Le FCTVA constitue par principe un soutien global de l’État en faveur de l’investissement local et ne peut être assimilé à une subvention ou un concours attribué spécifiquement pour un projet donné. L’attribution du FCTVA dépend de la législation applicable au moment de l’attribution. En effet, conformément à l’arrêt Fourcade rendu par le Conseil d’État le 9 novembre 1988, le fait générateur n’est pas constitué par la réalisation de la dépense éligible mais bien par la liquidation du fonds, qui intervient deux ans après dans le régime de droit commun (un an dans le régime dérogatoire). Il n’y a pas de droit acquis au FCTVA pour les collectivités ayant engagé des dépenses avant la réforme, qui deviennent inéligibles dans le nouveau cadre automatisé.

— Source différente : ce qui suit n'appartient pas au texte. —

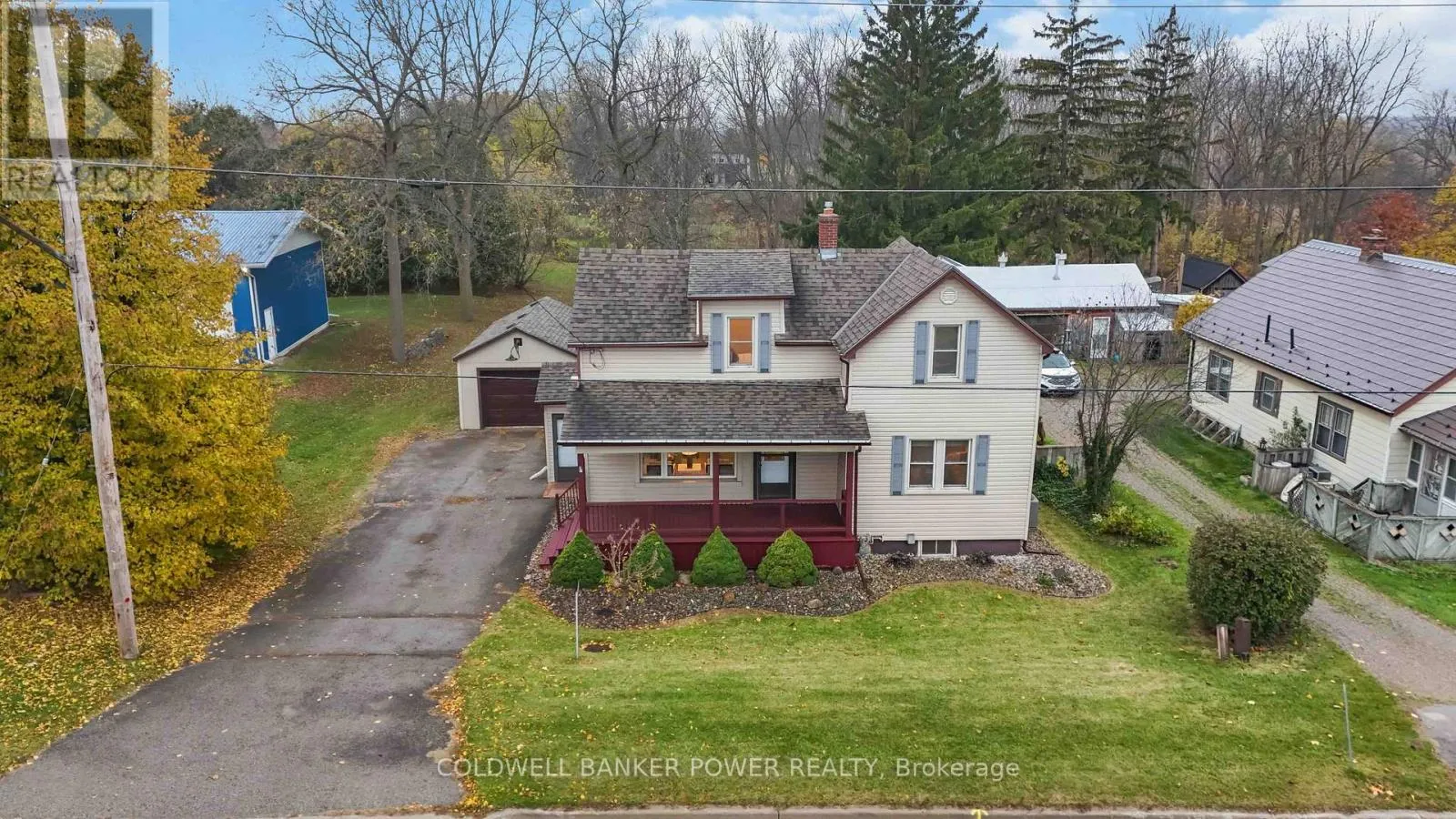 Residential For Sale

Ainsi, les mesures d’exclusion des dépenses de travaux en régie et de logiciels sont à mettre en perspective avec des mesures d’extension d’assiette. Entre autres, les dispositions des articles L. 1615-7 et L. 1615-10 du CGCT (code général des collectivités territoriales) ne s’appliquent plus pour les dépenses exécutées à compter de l’exercice 2021. Les dépenses relatives à des biens mis à disposition de tiers inéligibles sont donc éligibles, quand elles sont imputées sur un compte éligible. De même, les subventions de l’État attribuées aux collectivités ne sont dorénavant plus exclues de l’assiette qu’elles soient ou non calculées sur une base TTC. Par conséquent, à l’échelle de tel ou tel projet l’évolution des règles d’attribution du FCTVA peut conduire à une évolution favorable ou défavorable du montant de FCTVA attendu. L’effet de la réforme pour une collectivité doit donc être apprécié sur le montant total de FCTVA perçu par la collectivité et rapporté notamment à l’évolution de son effort d’investissement. Or, les simulations réalisées en amont de la réforme ont conduit à montrer que celle-ci génère un coût supplémentaire pour l’État et s’avère par conséquent globalement favorable aux collectivités, notamment en supprimant le non-recours au FCTVA pour plusieurs collectivités. Elle permet aussi de simplifier la gestion du FCTVA en supprimant la quasi-totalité des obligations déclaratives. L’inclusion des dépenses de travaux en régie et de logiciels conduirait à augmenter fortement le montant global du FCTVA, tout en fragilisant le bon déploiement de la réforme. Il n’est donc pas envisagé de réintégrer ces dépenses dans l’assiette d’éligibilité.